┏━━

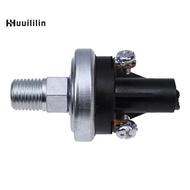 0C3025 Generator Oil Pressure Switch 10 PSI for   1/4 Inch-18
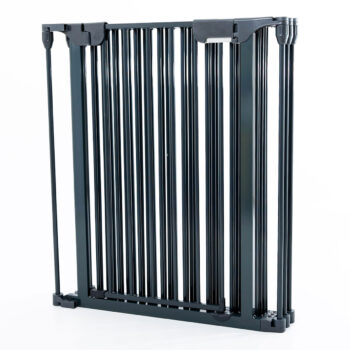 Callowesse Playpen 3 in 1 multi way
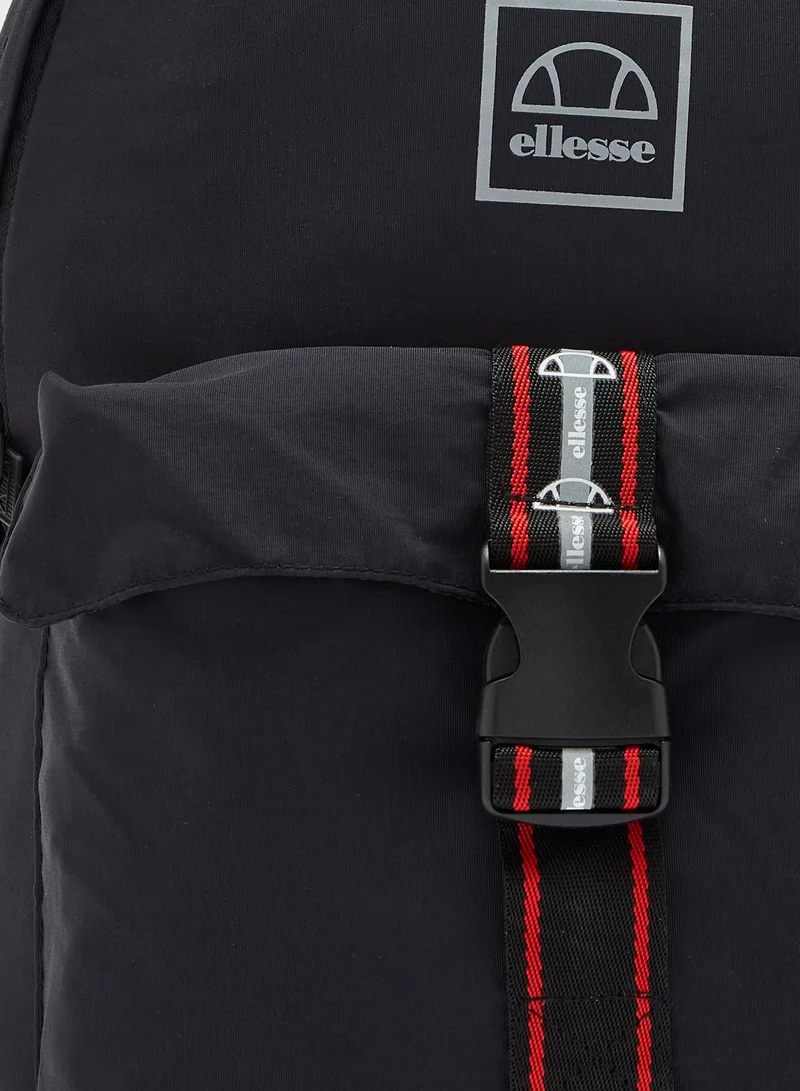 Ellesse Gardio Backpack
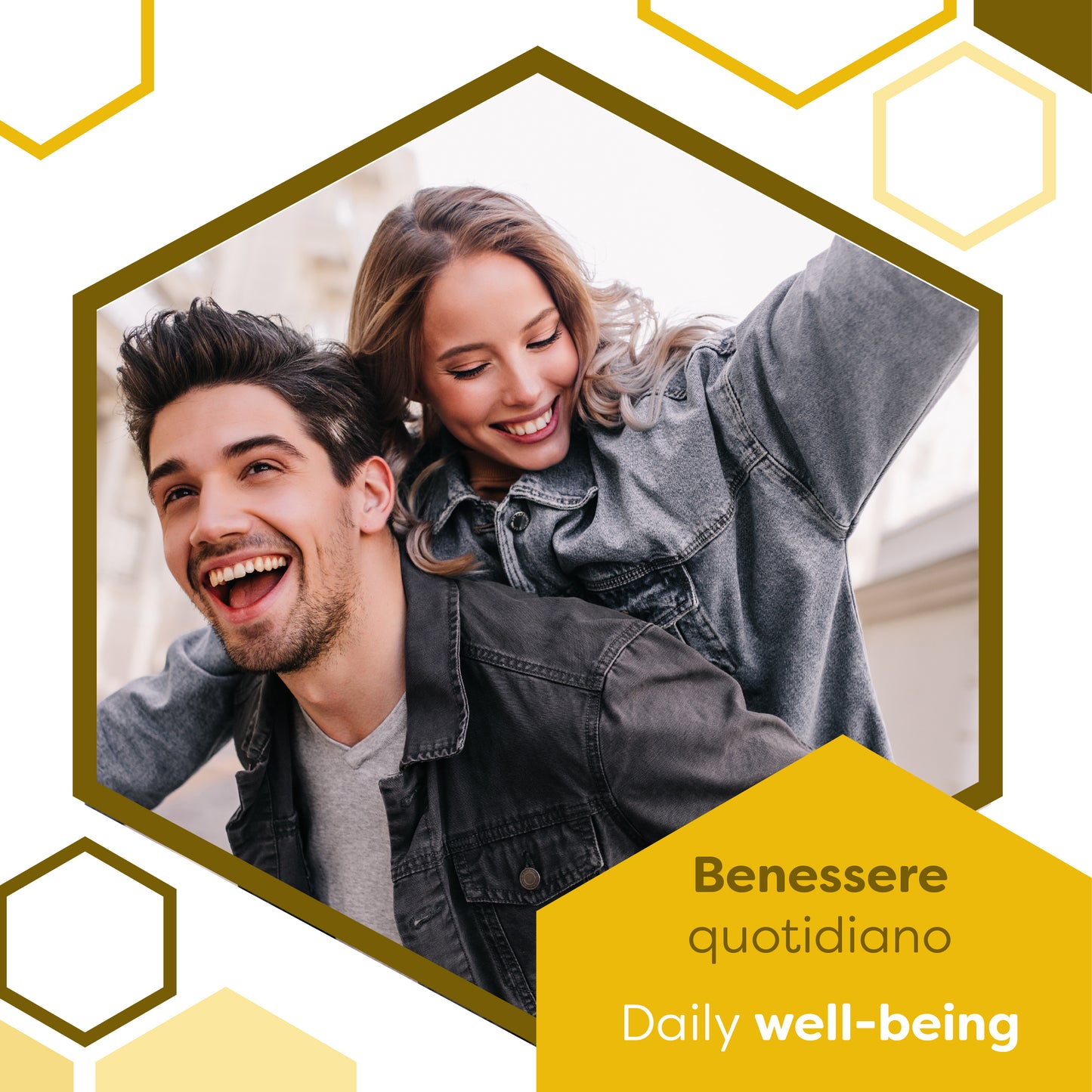 Vitamina E (100 capsule)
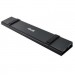 ASUS Порт-реплікатор ASUS USB3.0 HZ-3B Docking Station (90XB04AN-BDS000)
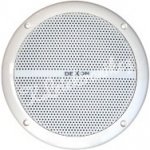 Dexon RP 82 – Sleviste.cz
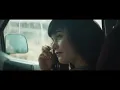 THEORY - History Of Violence [OFFICIAL VIDEO]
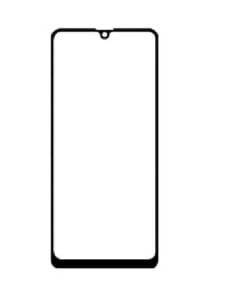 #1178 Glass + Oca Samsung A31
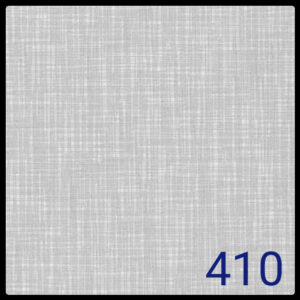 HPL панель — PELILAM Exterior (під мармур) 6 мм декор No 410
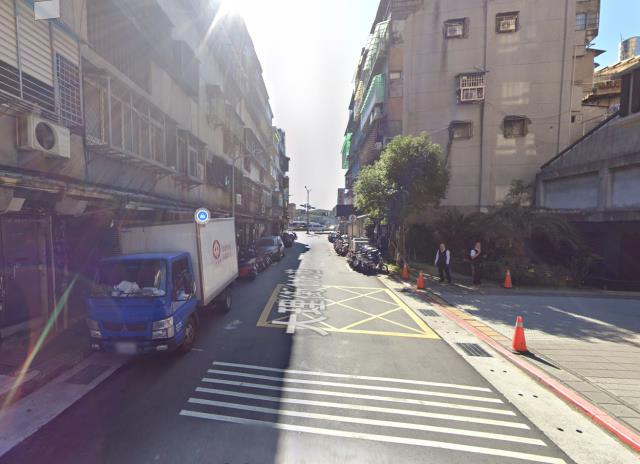 台北公寓法拍-5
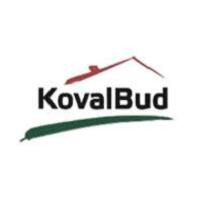 Отдел продаж KovalBud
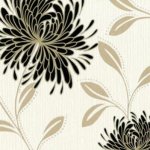 Dahlia%20allover%20Black%20on%20Cream%206121%20(640x453)-400x400.jpg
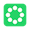 Omnify logo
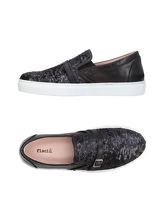 FISCIÙ Sneakers & Tennis shoes basse donna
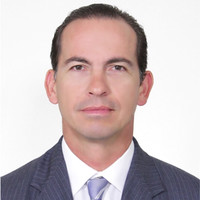 Abel Calderon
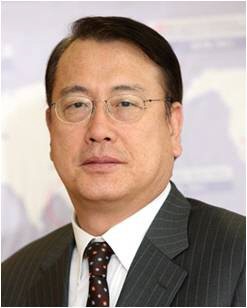 하동근 PP협의회장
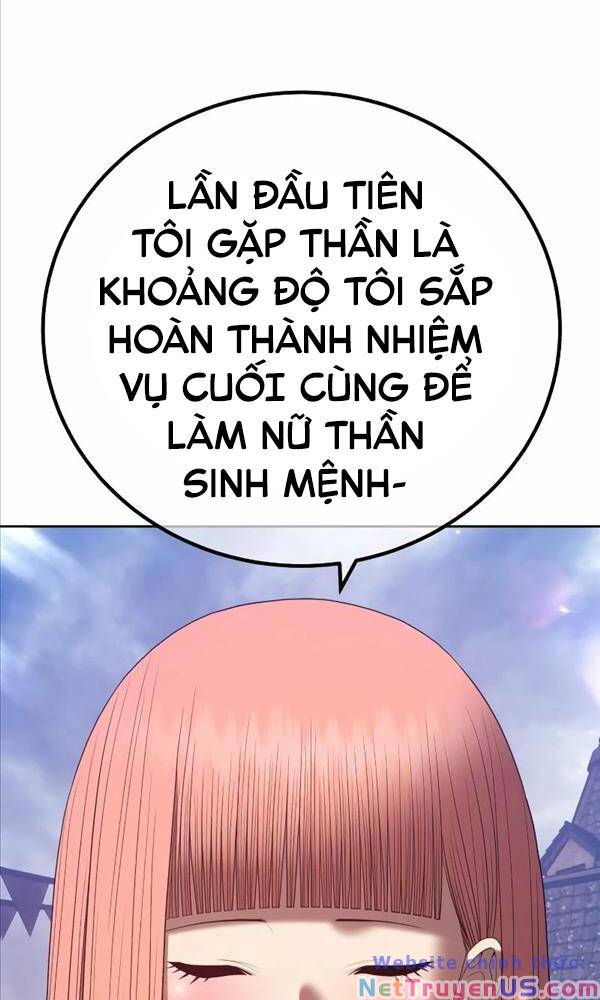 Gậy Gỗ Cấp 99+ Chap 79 - Next Chap 80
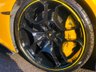 USED 2015 11 LAMBORGHINI HURACAN 5.2 LP 610-4 2d AUTO 610 BHP 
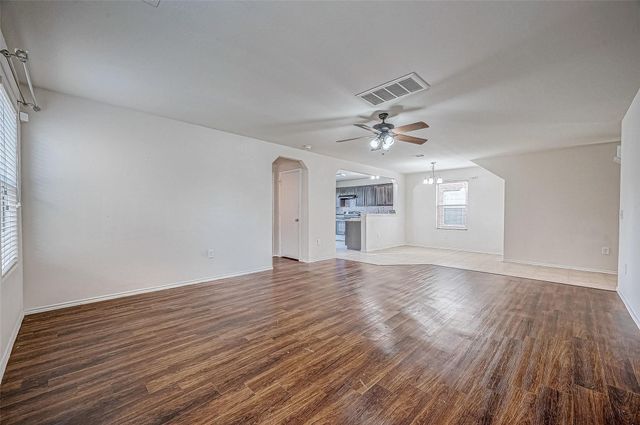 2655 Ensbrook Meadow Lane, Katy, TX 77449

┗━━

What the exercise asks: The answer is to be the lines from the line that contains "ASUS Порт-реплікатор ASUS" through the last line of the material, retyped exactly, both included, with pictures left out, please.

Answer section:
 ASUS Порт-реплікатор ASUS USB3.0 HZ-3B Docking Station (90XB04AN-BDS000)
 Dexon RP 82 – Sleviste.cz
 THEORY - History Of Violence [OFFICIAL VIDEO]
 #1178 Glass + Oca Samsung A31
 HPL панель — PELILAM Exterior (під мармур) 6 мм декор No 410
 台北公寓法拍-5
 Отдел продаж KovalBud
 Dahlia%20allover%20Black%20on%20Cream%206121%20(640x453)-400x400.jpg
 Omnify logo
 FISCIÙ Sneakers & Tennis shoes basse donna
 Abel Calderon
 하동근 PP협의회장
 Gậy Gỗ Cấp 99+ Chap 79 - Next Chap 80
 USED 2015 11 LAMBORGHINI HURACAN 5.2 LP 610-4 2d AUTO 610 BHP 
 2655 Ensbrook Meadow Lane, Katy, TX 77449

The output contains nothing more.